Please output exactly the part of the records below that opens with the line containing "TCX Ruh Üzerine" and closes with the line containing "Parzydło leśne 'Kneiffii' Aruncus dioicus", both lines included, and nothing else.

Material provided |

***

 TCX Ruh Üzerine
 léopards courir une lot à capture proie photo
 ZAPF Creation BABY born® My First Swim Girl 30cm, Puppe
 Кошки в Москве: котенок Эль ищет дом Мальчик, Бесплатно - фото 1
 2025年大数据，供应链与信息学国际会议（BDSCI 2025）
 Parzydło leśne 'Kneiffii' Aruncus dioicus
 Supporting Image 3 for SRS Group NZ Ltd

***

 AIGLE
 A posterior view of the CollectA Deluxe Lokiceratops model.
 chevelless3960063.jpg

***

Answer space |
 TCX Ruh Üzerine
 léopards courir une lot à capture proie photo
 ZAPF Creation BABY born® My First Swim Girl 30cm, Puppe
 Кошки в Москве: котенок Эль ищет дом Мальчик, Бесплатно - фото 1
 2025年大数据，供应链与信息学国际会议（BDSCI 2025）
 Parzydło leśne 'Kneiffii' Aruncus dioicus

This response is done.